Banyak takhayul yang kita kenal saat ini, seperti keyakinan bahwa kucing hitam yang melintasi jalan membawa sial atau larangan bersiul di dalam rumah karena akan membuat rezeki seret, ternyata memiliki akar sejarah yang dalam dan mencerminkan cara pandang leluhur kita terhadap dunia.
Kepercayaan bahwa kucing hitam yang melintasi jalan adalah pertanda sial berawal dari Mesir kuno, di mana kucing sangat dihormati sebagai simbol dewi Bastet. Namun, pada Abad Pertengahan, pandangan bergeser drastis. Kucing, terutama yang hitam, mulai dikaitkan dengan sihir dan iblis. Sebuah bulla kepausan pada tahun 1233 oleh Paus Gregorius IX bahkan menggambarkan iblis sebagai makhluk setengah manusia setengah kucing, yang memicu persekusi massal terhadap kucing. Ironisnya, berkurangnya populasi kucing ini diperkirakan berkontribusi pada penyebaran wabah penyakit, memberikan dasar historis bagi takhayul kesialan kucing hitam. Di sisi lain, beberapa budaya seperti Skotlandia dan Jepang justru menganggap kucing hitam sebagai simbol kemakmuran.
Larangan bersiul di dalam rumah, yang diyakini akan mengusir rezeki, memiliki kaitan dengan kepercayaan bahwa siulan dapat memanggil roh jahat atau setan, terutama dalam tradisi Slavia. Pada abad ke-16, para pedagang yang membawa koin perak sering kali menyimpannya di mulut agar tidak hilang di jalan.
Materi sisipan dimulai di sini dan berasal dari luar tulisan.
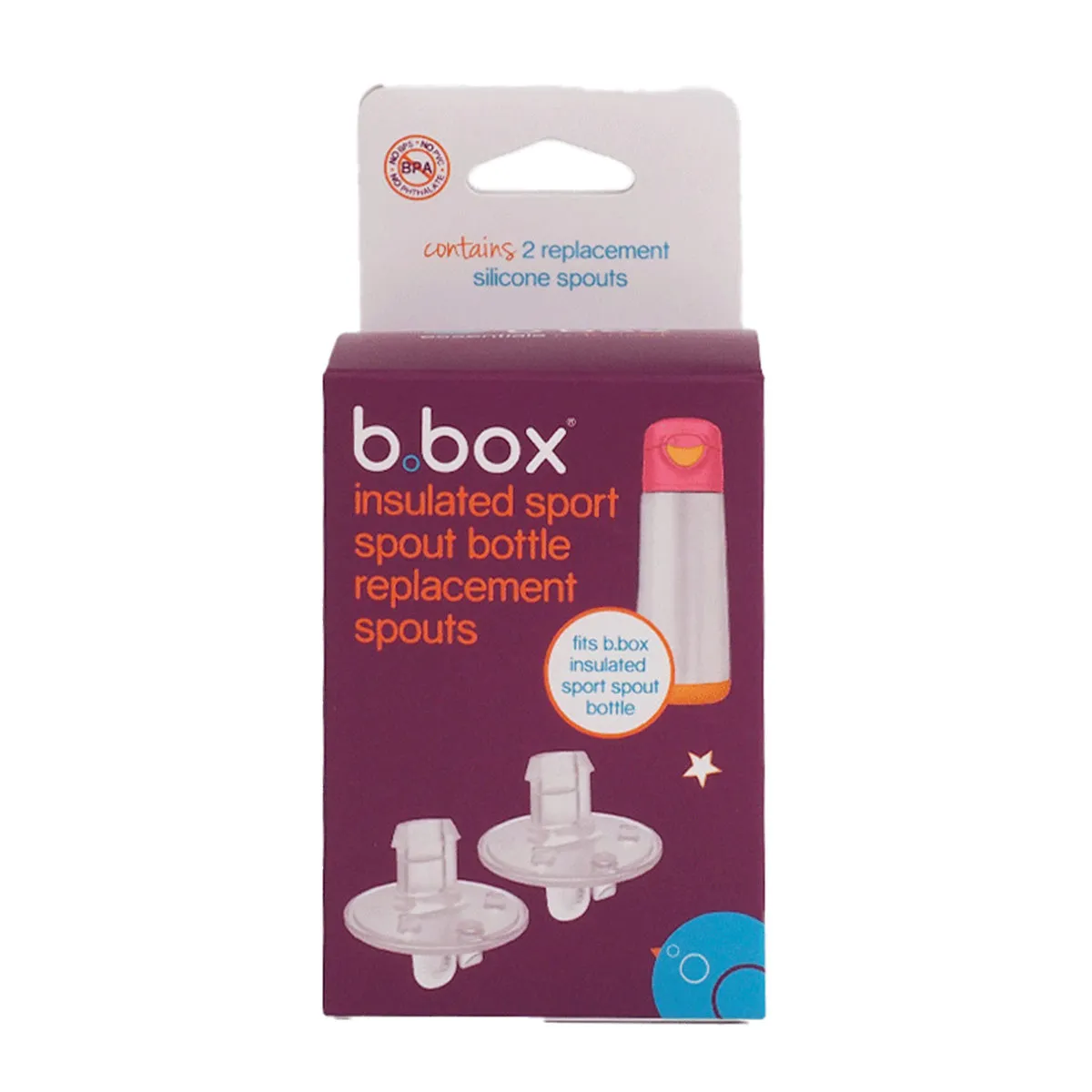 b.box 500ml Insulated Sport Spout Replacement - 2 Pack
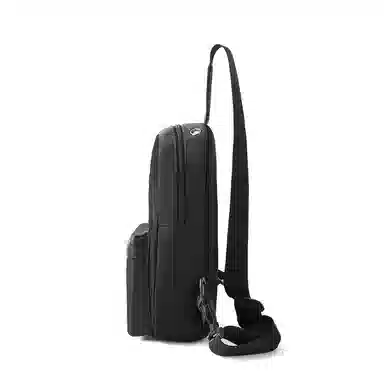 红蜻蜓 时尚休闲拉链开合 织物 斜挎单肩包 男款 黑色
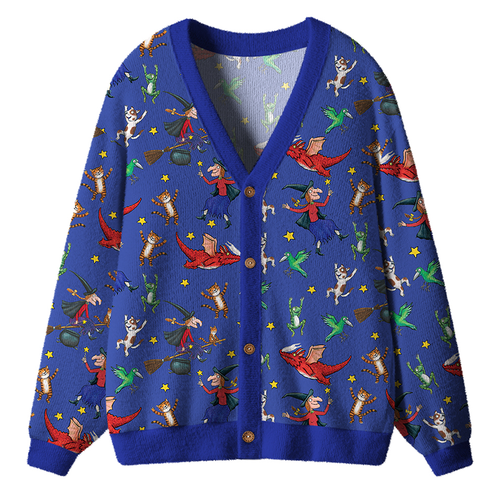 Cute Witch Broom Dragon Animal Fall Storybook Teacher Ugly Cardigan Sweaters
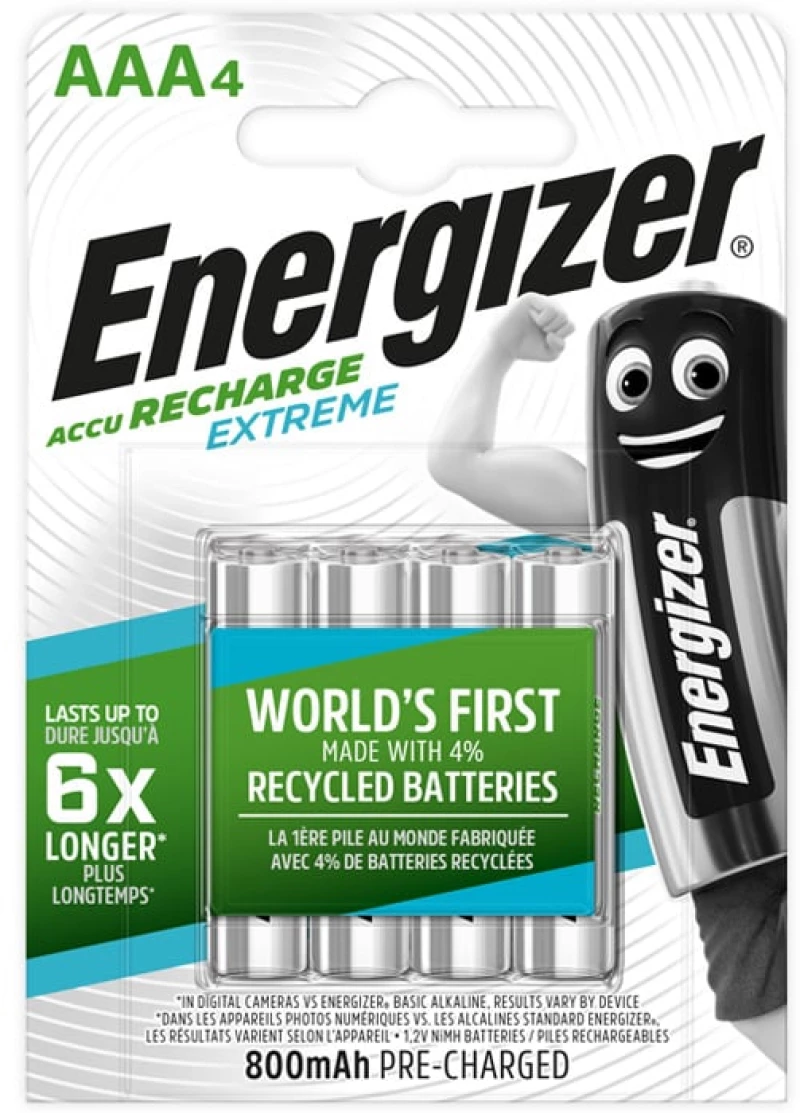Energizer 016-5233 Extreme Επαναφορτιζόμενες Μπαταρίες AAA Ni-MH 800mAh 1.2V 4τμχ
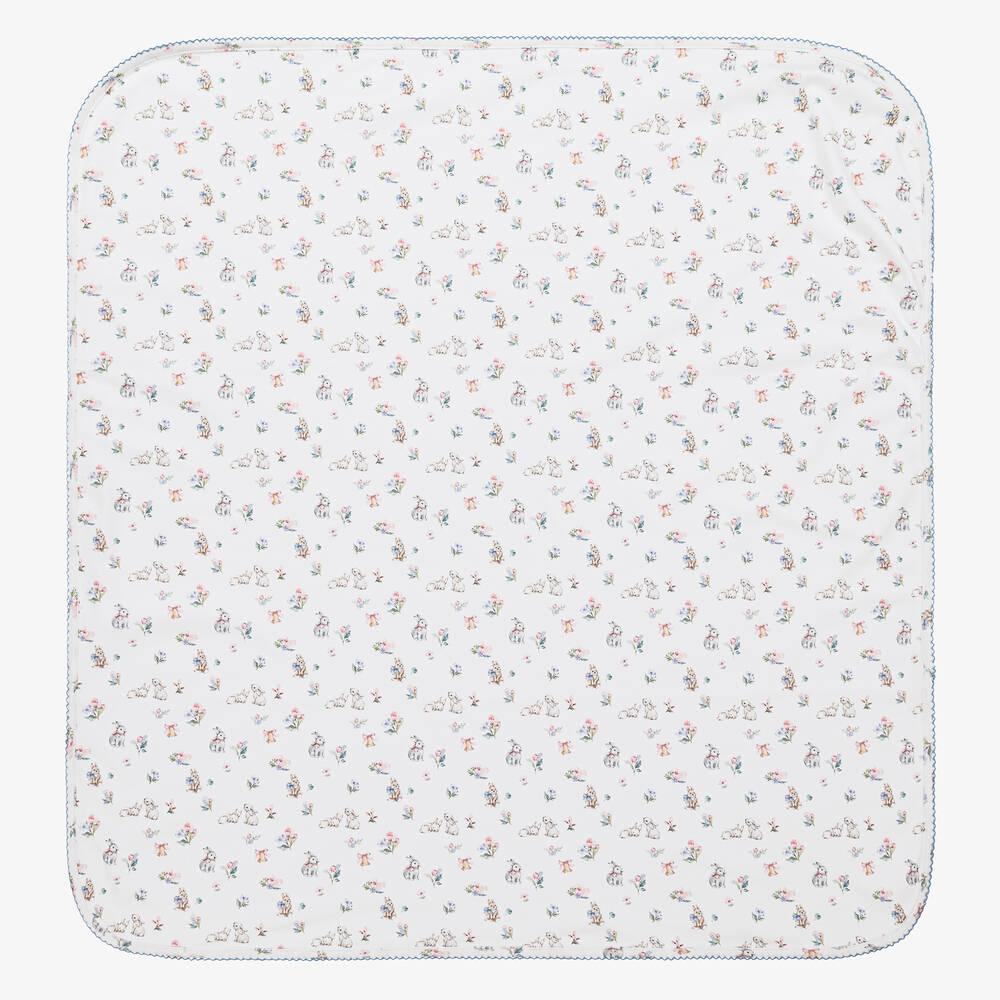 My Little Pie - Бело-голубое одеяло из хлопка супима с кроликами (81см) | Childrensalon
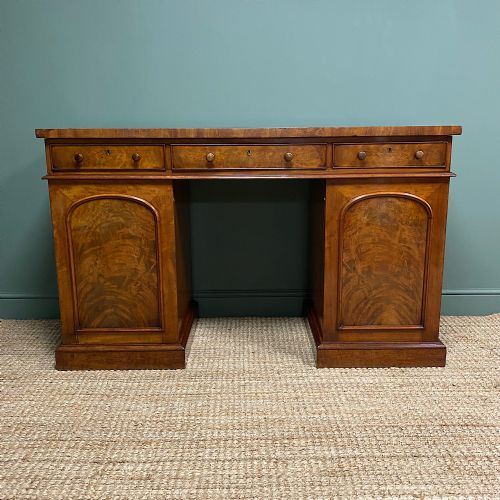Country House Figured Mahogany Antique Victorian Pedestal Sideboard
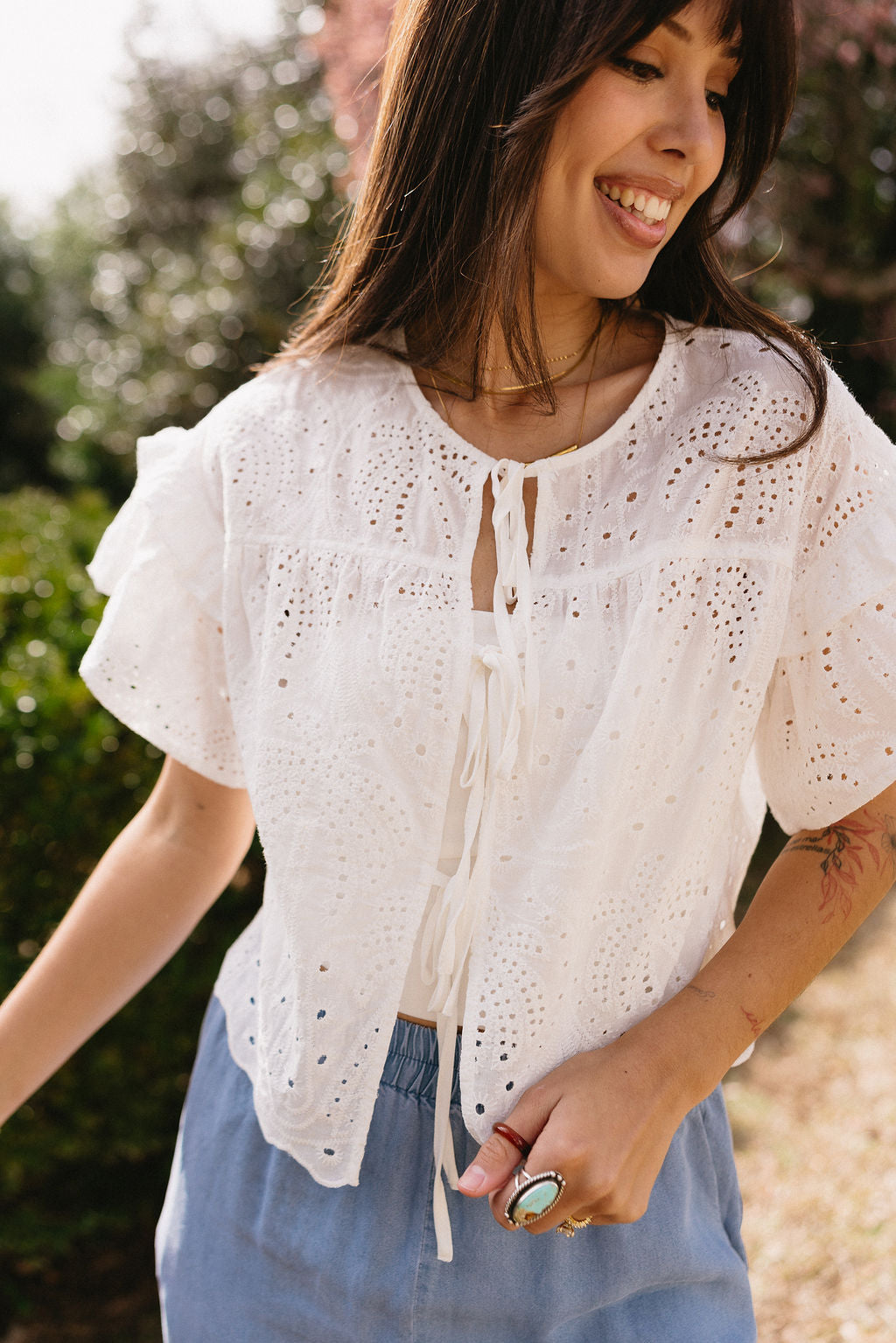 Aria White Eyelet Front Ties Top- close up top view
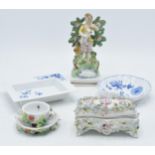 A collection of items to include a Dresden stamp holder with floral sprays and design, a cup and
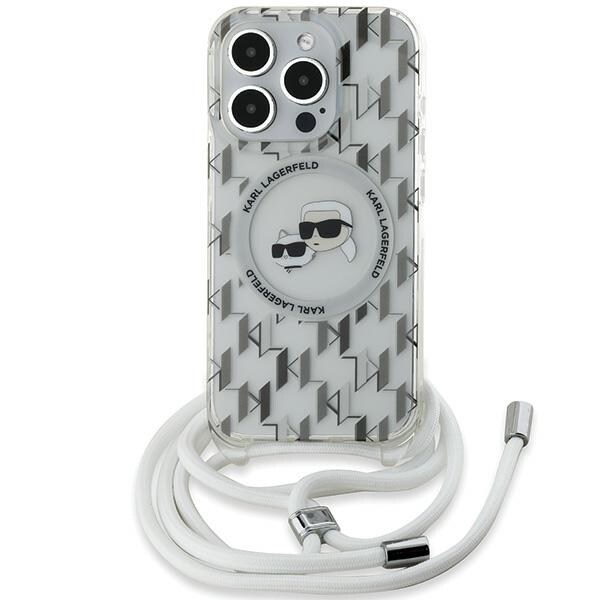 Karl Lagerfeld IML Crossbody Monogram Karl & Choupette iPhone 15 Pro MagSafe-fodral - Transparent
Tindakan bersiul dikhawatirkan dapat menyebabkan koin terjatuh, sehingga muncul peringatan "jangan bersiul, nanti tidak punya uang." Seiring waktu, ungkapan ini berkembang menjadi pepatah yang mencerminkan pandangan negatif terhadap kebiasaan bersiul.
Ramalan berdasarkan panggilan burung kukuk juga tersebar luas di Eropa dan Asia. Dalam budaya Slavia, burung ini dikaitkan dengan dewi Zhiva, pelindung musim semi dan kesuburan. Jumlah panggilan kukuk dipercaya dapat meramalkan usia pernikahan atau bahkan kematian. Penelitian modern menunjukkan adanya korelasi antara keائناتuhan hayati, termasuk keberadaan burung kukuk, dengan kelangsungan hidup manusia, memberikan dimensi ekologis pada takhayul ini.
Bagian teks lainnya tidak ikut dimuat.